Zinszusatzreserven sind unverantwortlich hoch
Für Ärger sorgt bei den Aktuaren die Zinszusatzreserve. Neumann forderte eine Änderung bei der Berechnung des Referenzzinses, die im aktuellen Zinsumfeld nötig sei. Die Bafin ermittelt den Referenzzins – stark vereinfacht ausgedrückt – jeweils Ende September aus dem zehnjährigen Renditedurchschnitt europäischer Staatsanleihen mit höchster Bonität. Er könnte zum Ende des Jahres 2018 auf 1,88 Prozent fallen. Entsprechend müssen für immer mehr Verträge Zinszusatzreserven gebildet werden.
„Da die Zinsen ins Negative getrieben wurden, gehen die Referenzzinsen brutal zurück und die Zinszusatzreserve brutal nach oben“, beschreibt er eindringlich.

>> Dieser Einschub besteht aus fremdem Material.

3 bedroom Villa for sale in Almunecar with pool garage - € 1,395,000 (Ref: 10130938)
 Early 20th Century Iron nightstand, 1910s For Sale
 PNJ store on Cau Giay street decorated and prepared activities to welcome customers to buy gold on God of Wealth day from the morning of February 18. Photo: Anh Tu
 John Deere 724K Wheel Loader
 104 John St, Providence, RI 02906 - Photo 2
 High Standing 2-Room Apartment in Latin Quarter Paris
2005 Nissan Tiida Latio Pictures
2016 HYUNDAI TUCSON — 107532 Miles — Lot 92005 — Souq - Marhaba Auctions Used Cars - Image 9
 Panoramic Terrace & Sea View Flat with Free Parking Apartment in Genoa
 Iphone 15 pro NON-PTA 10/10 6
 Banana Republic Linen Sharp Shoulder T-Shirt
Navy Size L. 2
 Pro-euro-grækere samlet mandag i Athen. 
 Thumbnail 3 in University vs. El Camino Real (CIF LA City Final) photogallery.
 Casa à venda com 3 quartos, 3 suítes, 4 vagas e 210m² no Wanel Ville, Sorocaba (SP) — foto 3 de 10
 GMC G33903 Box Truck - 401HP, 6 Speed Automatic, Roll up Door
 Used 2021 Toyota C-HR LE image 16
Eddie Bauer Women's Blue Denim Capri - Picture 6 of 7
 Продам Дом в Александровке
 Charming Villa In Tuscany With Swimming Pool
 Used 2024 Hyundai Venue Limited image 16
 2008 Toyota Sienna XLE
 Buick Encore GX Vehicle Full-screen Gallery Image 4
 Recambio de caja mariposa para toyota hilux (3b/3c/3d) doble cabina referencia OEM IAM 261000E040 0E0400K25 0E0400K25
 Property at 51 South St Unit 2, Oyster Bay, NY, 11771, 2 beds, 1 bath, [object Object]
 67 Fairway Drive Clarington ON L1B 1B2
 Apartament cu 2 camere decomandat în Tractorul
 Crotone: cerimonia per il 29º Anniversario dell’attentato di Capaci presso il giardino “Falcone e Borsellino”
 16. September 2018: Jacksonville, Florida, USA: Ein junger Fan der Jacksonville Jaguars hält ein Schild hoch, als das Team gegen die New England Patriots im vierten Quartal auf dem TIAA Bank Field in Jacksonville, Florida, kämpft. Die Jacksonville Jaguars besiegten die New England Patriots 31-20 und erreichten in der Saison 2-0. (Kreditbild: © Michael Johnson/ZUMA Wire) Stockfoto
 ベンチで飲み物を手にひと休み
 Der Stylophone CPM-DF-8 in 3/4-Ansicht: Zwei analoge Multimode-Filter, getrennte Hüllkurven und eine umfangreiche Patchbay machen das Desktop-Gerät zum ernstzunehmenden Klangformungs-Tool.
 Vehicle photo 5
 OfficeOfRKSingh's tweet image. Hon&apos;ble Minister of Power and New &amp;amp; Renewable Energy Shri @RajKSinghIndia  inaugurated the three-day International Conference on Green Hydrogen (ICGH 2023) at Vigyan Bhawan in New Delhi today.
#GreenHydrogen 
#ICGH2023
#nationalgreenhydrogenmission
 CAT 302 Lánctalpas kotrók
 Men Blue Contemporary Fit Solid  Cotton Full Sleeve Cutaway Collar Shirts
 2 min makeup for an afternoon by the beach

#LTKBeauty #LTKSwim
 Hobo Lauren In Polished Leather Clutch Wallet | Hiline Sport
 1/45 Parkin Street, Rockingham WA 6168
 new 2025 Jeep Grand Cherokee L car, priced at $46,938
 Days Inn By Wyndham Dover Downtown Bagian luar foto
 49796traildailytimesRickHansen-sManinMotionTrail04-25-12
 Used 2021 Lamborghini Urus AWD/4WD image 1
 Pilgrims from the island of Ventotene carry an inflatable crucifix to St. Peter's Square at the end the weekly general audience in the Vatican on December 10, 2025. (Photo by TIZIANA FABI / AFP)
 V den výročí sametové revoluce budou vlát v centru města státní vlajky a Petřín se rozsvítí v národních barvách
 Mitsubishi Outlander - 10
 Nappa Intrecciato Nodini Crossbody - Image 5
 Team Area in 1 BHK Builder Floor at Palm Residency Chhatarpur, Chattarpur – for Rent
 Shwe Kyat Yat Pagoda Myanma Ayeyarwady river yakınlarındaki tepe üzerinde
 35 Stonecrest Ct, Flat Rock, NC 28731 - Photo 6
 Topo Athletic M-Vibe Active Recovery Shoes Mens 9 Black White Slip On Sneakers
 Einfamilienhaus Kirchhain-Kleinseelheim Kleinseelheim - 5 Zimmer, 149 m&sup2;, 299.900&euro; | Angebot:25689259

Das fördere Instabilität in den Unternehmen, die künstlich sei. Dies „unsinnige Bilanzpolitik“ müsse beendet werden. Als Aktuare stehe man für Reservebildung, allerdings müsse das richtige Maß gefunden werden.
Bund der Versicherten ebenfalls für neue Rechenformel
Schützenhilfe erhält der DAV unter anderem vom Bund der Versicherten (BdV), der gestern mitteilte, dass er eine umgehende Anpassung der Rechenformel für die Zinszusatzreserve fordere. Dies sei absolut dringend, da ein Zinsanstieg am Anleihemarkt in naher Zukunft nicht zu erwarten ist. Constantin Papaspyratos, Stabsstelle Rechts- und Fachberatung beim BdV, erklärt hierzu: „Eine Zinswende ist nicht absehbar. Politische Unsicherheiten in Italien und Spanien, der Verfall der türkischen Lira oder auch die Handelsstreitigkeiten mit den USA dürften eine Rückkehr zu höheren Zinsen bis auf weiteres blockieren.“
Die Politik dürfe die nötigen Sofortmaßnahmen zum Schutz der Lebensversicherungskunden nicht länger ignorieren.